Exercise description:
With the pictures omitted, repeat exactly the lines below starting with the line that has "Image showing a" and going on through the line that has "Children's Trendy Cool".

Task input:
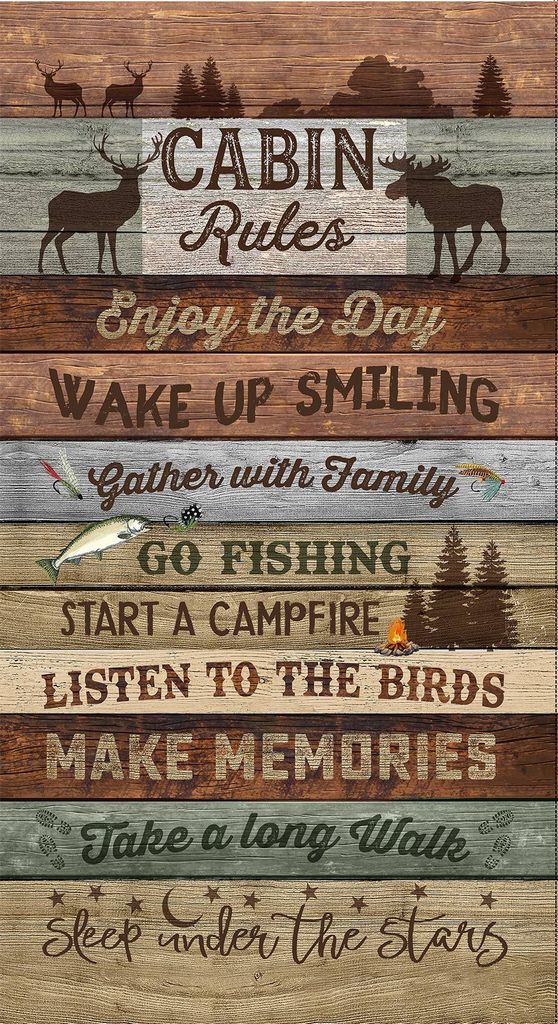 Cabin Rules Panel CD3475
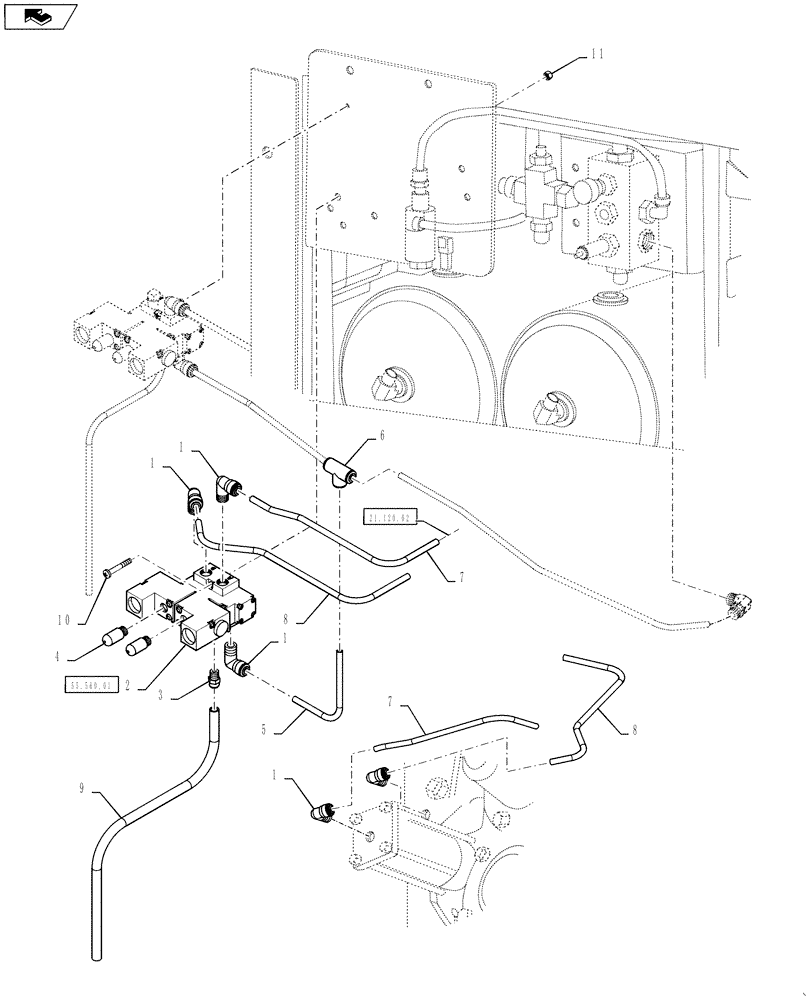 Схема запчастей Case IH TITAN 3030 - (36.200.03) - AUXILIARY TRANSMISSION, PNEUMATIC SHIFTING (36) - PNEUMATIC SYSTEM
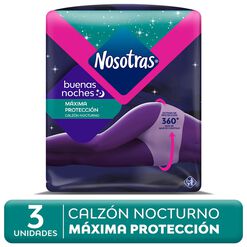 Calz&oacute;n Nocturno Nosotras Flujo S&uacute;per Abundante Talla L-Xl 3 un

---

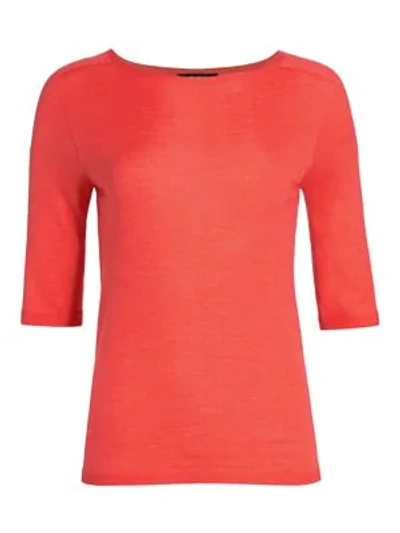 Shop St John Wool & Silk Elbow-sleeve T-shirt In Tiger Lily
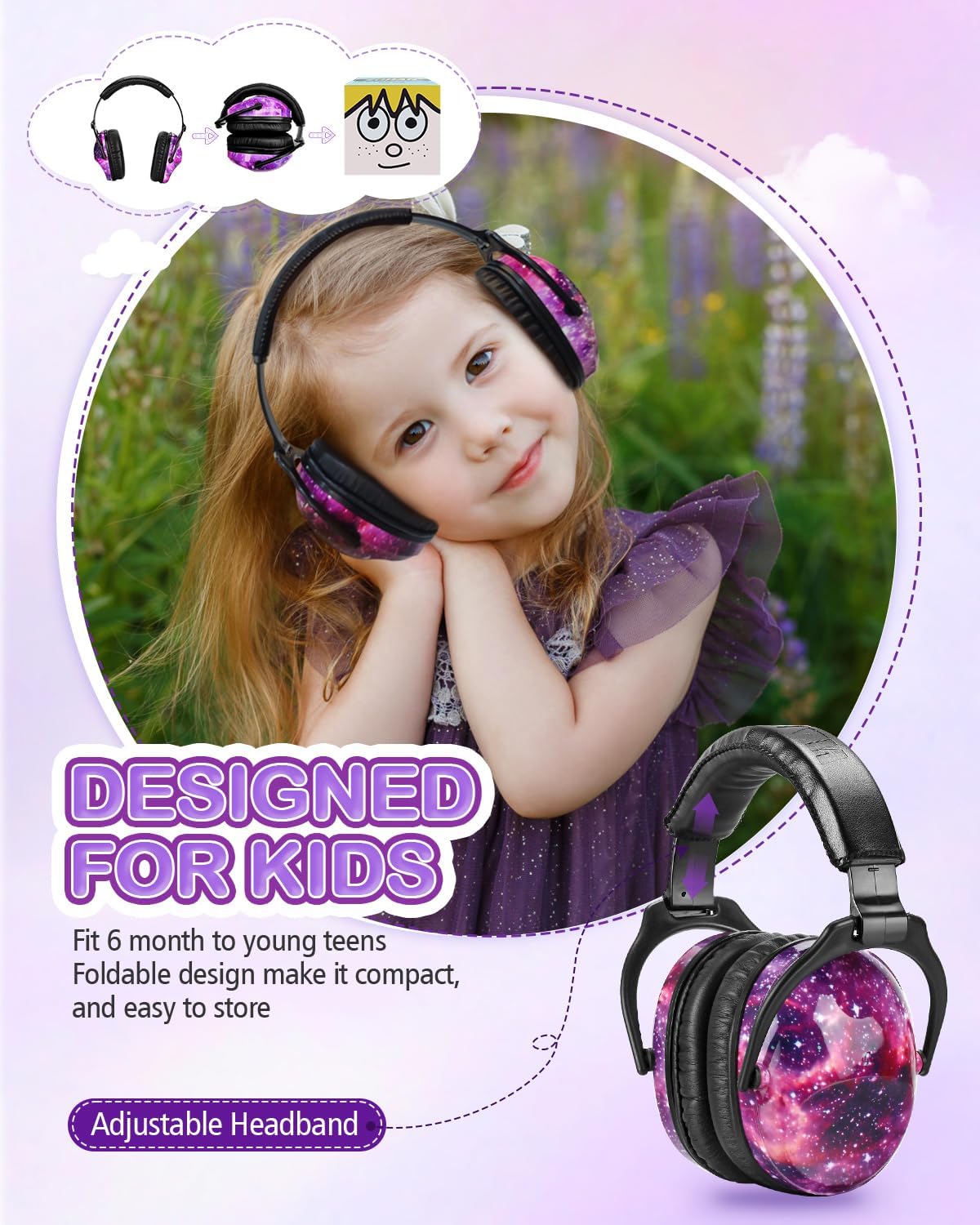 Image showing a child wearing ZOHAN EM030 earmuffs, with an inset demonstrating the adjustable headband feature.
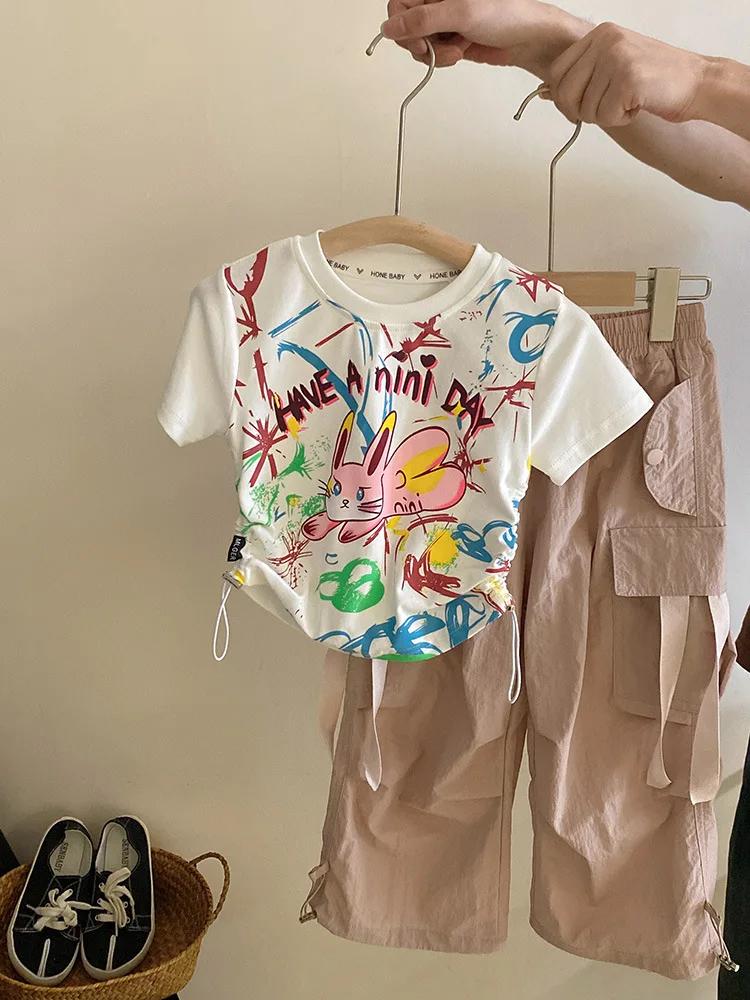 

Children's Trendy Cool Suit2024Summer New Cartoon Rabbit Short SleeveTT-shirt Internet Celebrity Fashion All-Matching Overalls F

...

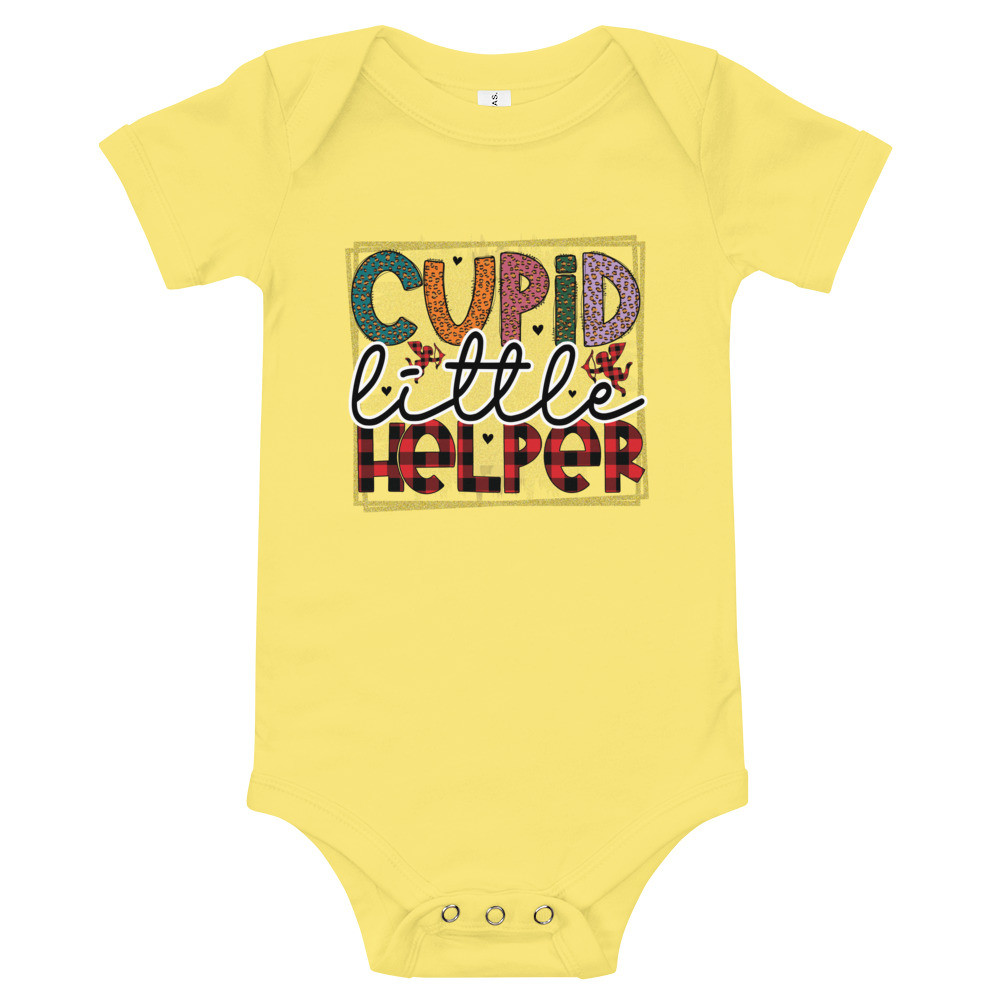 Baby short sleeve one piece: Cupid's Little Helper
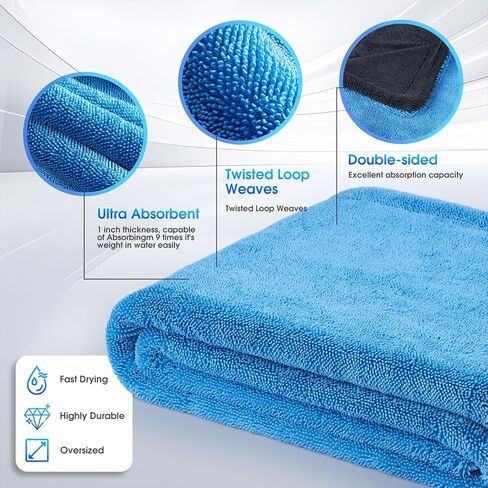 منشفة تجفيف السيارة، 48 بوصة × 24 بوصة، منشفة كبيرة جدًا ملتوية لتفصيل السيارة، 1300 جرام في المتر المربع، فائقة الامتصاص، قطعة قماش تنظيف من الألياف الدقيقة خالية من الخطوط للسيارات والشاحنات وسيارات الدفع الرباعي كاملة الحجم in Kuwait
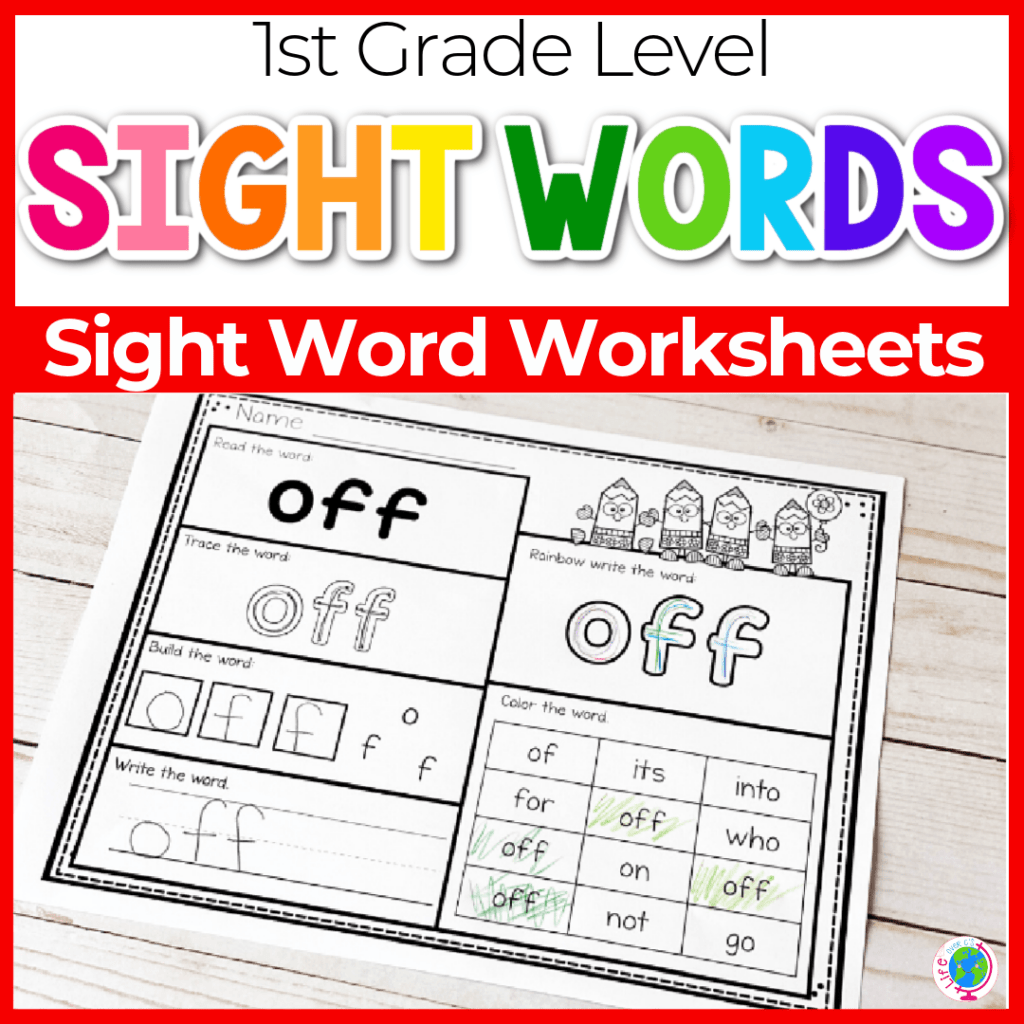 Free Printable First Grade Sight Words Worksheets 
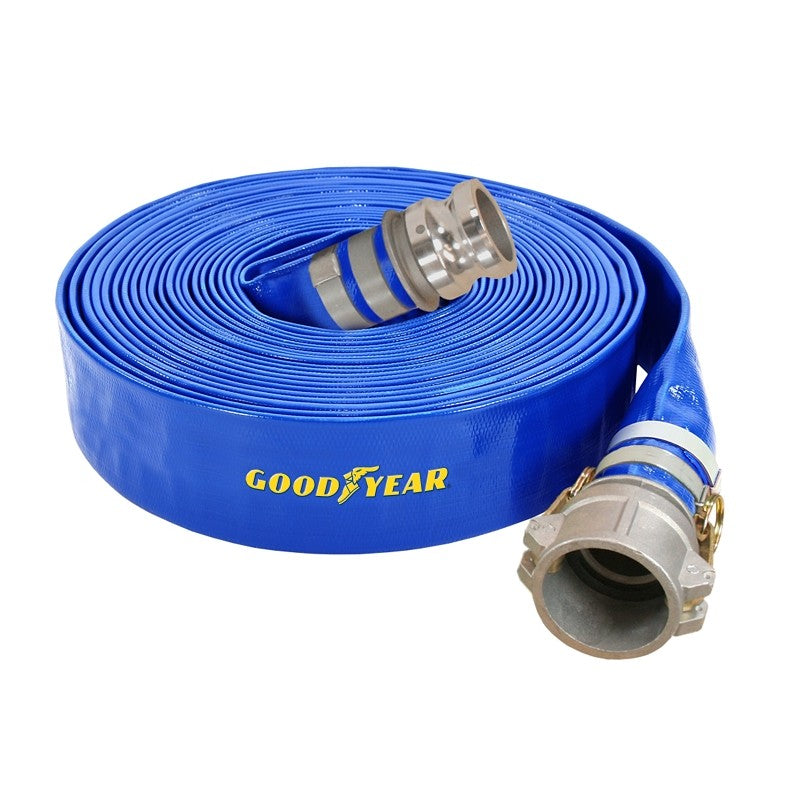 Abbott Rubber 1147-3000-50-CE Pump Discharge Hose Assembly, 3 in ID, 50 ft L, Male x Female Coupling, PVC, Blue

Written answer:
 Image showing a child wearing ZOHAN EM030 earmuffs, with an inset demonstrating the adjustable headband feature.

Children's Trendy Cool Suit2024Summer New Cartoon Rabbit Short SleeveTT-shirt Internet Celebrity Fashion All-Matching Overalls F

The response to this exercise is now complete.